|
|
 |
"Passato di guerra, presente sindacale"
| Data: 02-12-2000 | | Fonte: "Reporter", "Danas" |
| Autore: Autori vari |
|
NOTIZIE EST #375 - SERBIA/MONTENEGRO
2 dicembre 2000
PASSATO DI GUERRA, PRESENTE SINDACALE
1) ZORAN LILIC: ALL'INIZIO DEL MAGGIO '99 C'ERA UN PIANO PER PORRE TERMINE AI BOMBARDAMENTI NATO
[L'ex presidente jugoslavo Zoran Lilic, fuoriuscito di recente dal Partito Socialista di Milosevic, ha concesso un'intervista al settimanale serbo-bosniaco "Reporter", pubblicata da quest'ultimo nel numero del 22 novembre 2000. Oltre a cercare naturalmente di rinnegare il ruolo non secondario da egli avuto nel precedente regime, Lilic fa alcune affermazioni molto interessanti riguardo alla guerra dell'anno scorso. Riportiamo qui sotto i relativi passi dell'intervista]
REPORTER: Fonti bene informate affermano che avevate [Zoran Lilic e Jovica Stanisic, presumibilmente, visto che si fa accenno a loro immediatamente prima nel testo originale - N.d.T.] un piano che era stato concordato con circoli influenti della comunità internazionale?
LILIC: Sì, avevamo un piano concordato, che abbiamo fatto pervenire a Milosevic, e io glielo ho portato personalmente. Era nel momento delle maggiori sofferenze, tra il due e il tre maggio. Il piano prevedeva la cessazione dei bombardamenti entro un termine di 24 ore.
REPORTER: In base a cosa, essenzialmente, il summenzionato piano era migliore del piano Cernomyrdin-Ahtisaari?

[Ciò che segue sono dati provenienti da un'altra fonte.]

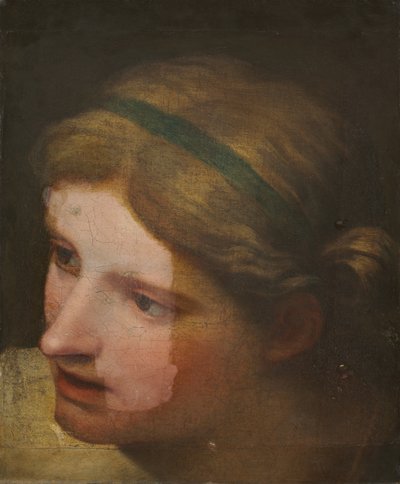 Listening Angel by Northern Italian School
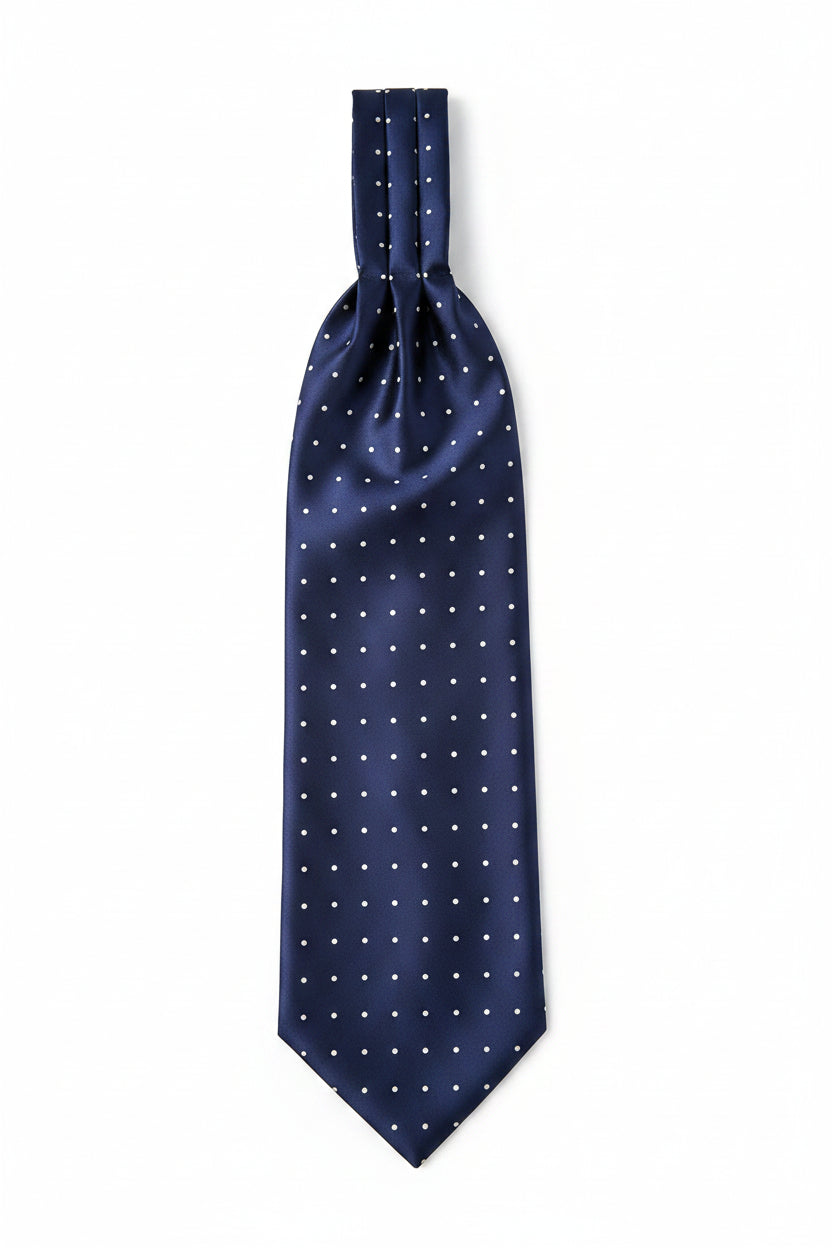 Navy Micro-Dot Ascot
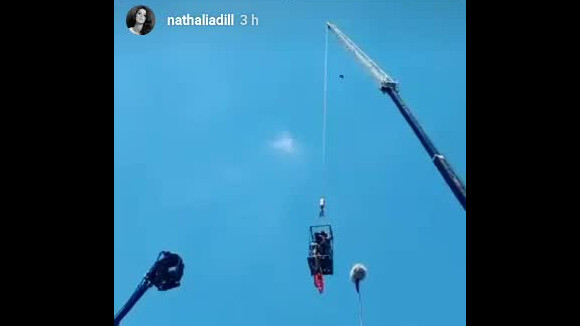 Nathalia Dill pula de bungee jumping ao gravar filme: 'Tudo pela arte'. Vídeo!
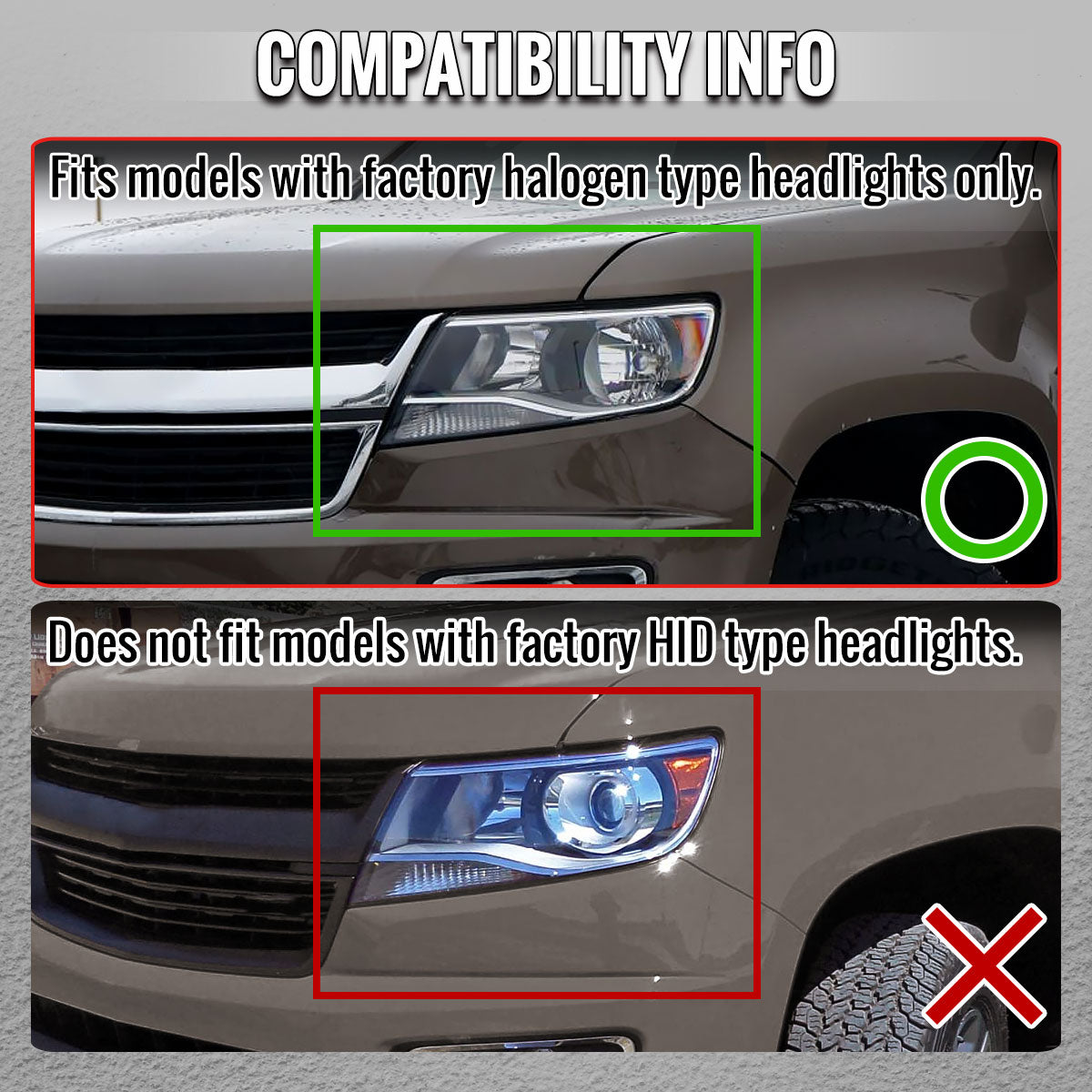 2015-2022 Chevrolet Colorado Factory Headlights (Glossy Black Housingd/ Smoked Lens)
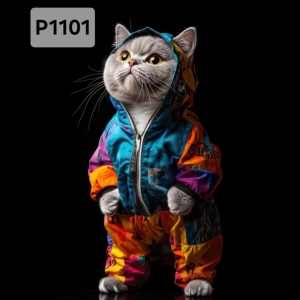 Panel poliester wodoodporny oxford na TORBĘ - KOT  P1101  NA ZAMÓWIENIE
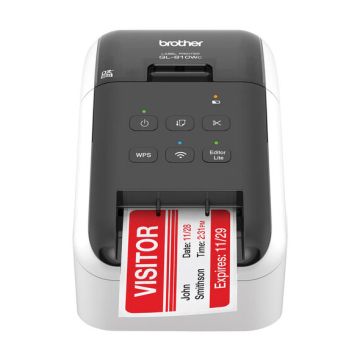 QL810WC - Brother High-Speed Professional 300 x 600 dpi 13.5ppm USB, Bluetooth, Wireless Direct Thermal Label Printer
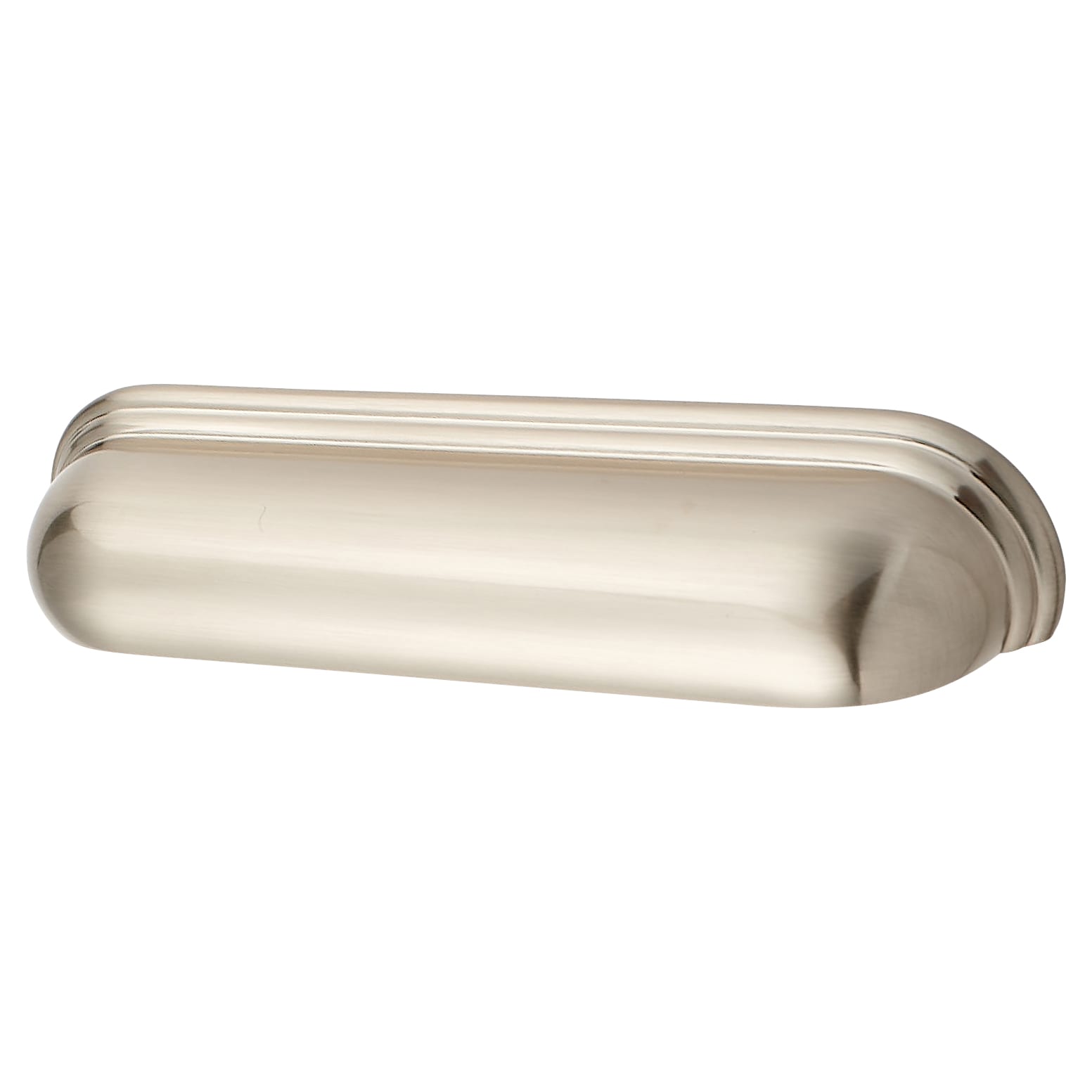 Crofts & Assinder Calgary Cabinet Cup Handle - 128mm Centres - Brushed Satin Nickel - view 2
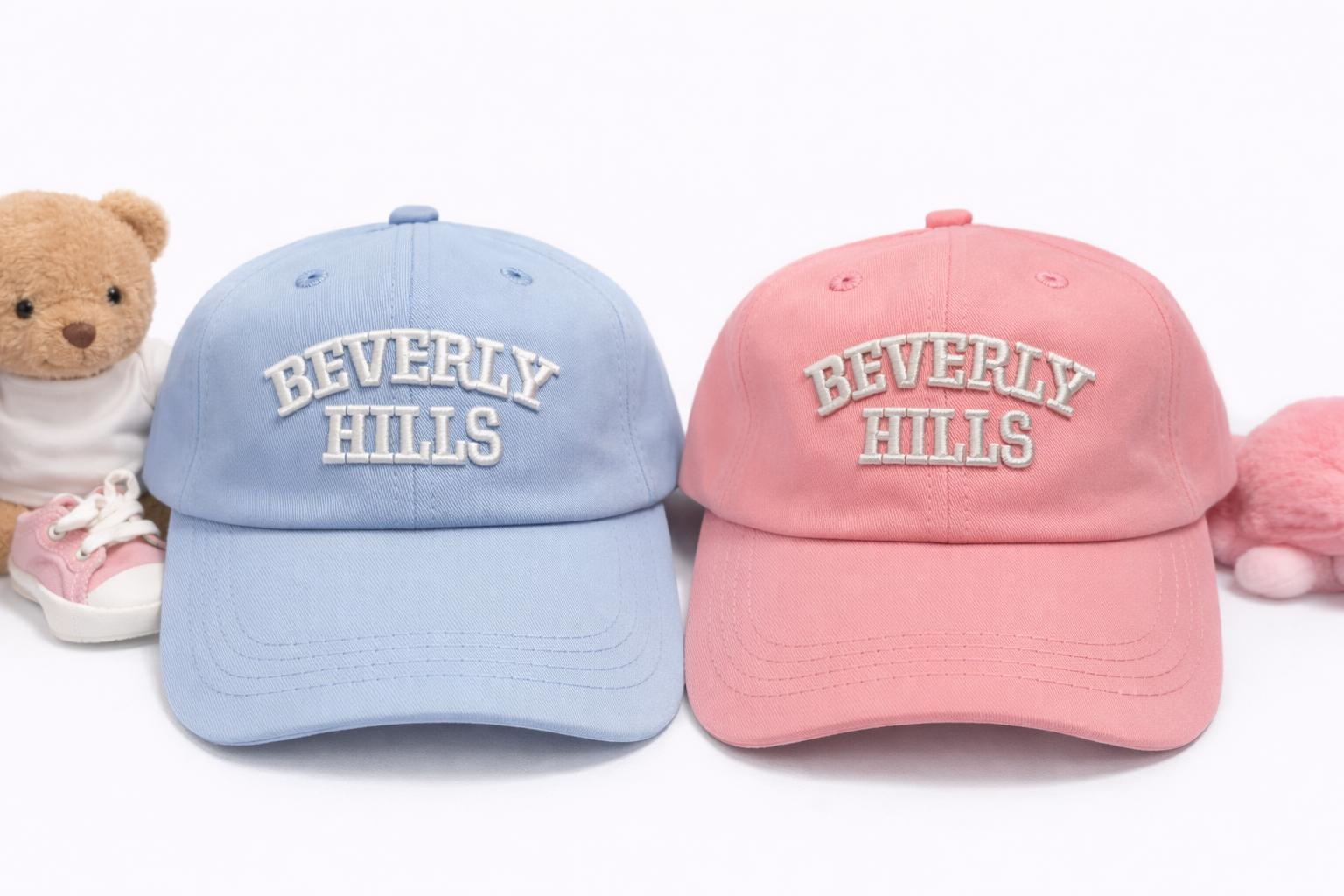 Beverly Hills Pink with white and Baby Blue with White Kids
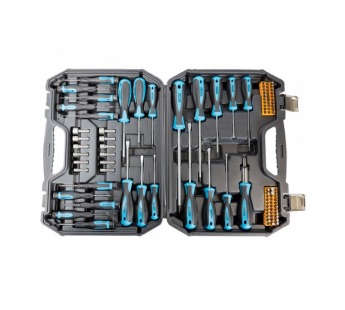 Набор отверток, головок, реверс, 100 штук, PH,PZ,SL,TORX,TORXH,HEX,S, 4-12 мм,  СR-V Smartbuy Tools#2112088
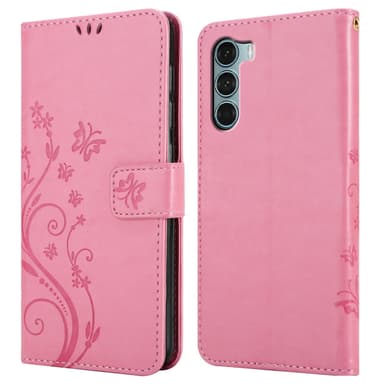 Motorola MOTO G200 5G Plånboksfodral Skal (Rosa)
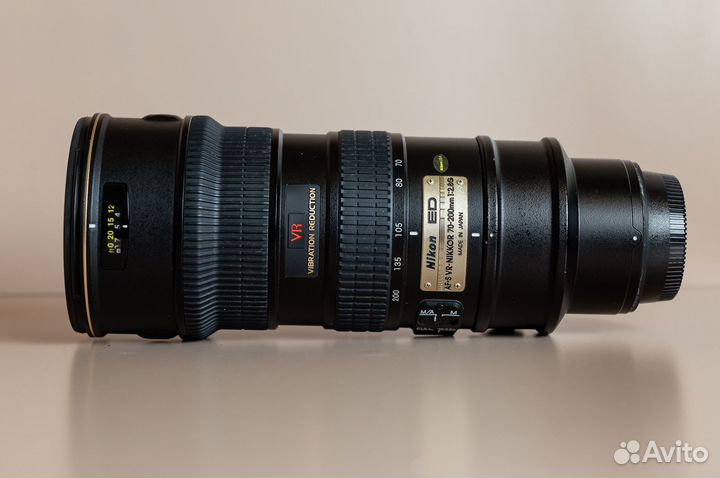 Nikon 70-200mm f/2.8G ED AF-S VR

LILIC: Innanzitutto, veniva richiesto l'arrivo di truppe dell'ONU in una composizione proporzionale ai membri permanenti del Consiglio di Sicurezza, ai quali si dovevano aggiungere truppe dell'Austria, che è neutrale, dell'Italia che, nonostante la base di Aviano, ci ha continuamente aiutati, della Grecia e di alcuni altri paesi ancora. Il vantaggio fondamentale era che l'esercito non si sarebbe ritirato al cento per cento, come dopo l'accordo di Kumanovo, e in Kosovo sarebbero invece rimasti di stanza 12.000 uomini dell'Esercito jugoslavo i quali avrebbero collaborato con le truppe dell'ONU, fino a quando il confine non fosse stato reso completamente sicuro. Tutti questi elementi erano una garanzia che per le cose più importanti, cioè la permanenza dei serbi in Kosovo e il dialogo con gli albanesi, si potesse trovare la soluzione migliore. Il piano, altrimenti, era stato concordato con stati europei e africani: i secondi dovevano costituire qui la logistica delle truppe ONU, mentre gli europei facevano da garanti per il piano.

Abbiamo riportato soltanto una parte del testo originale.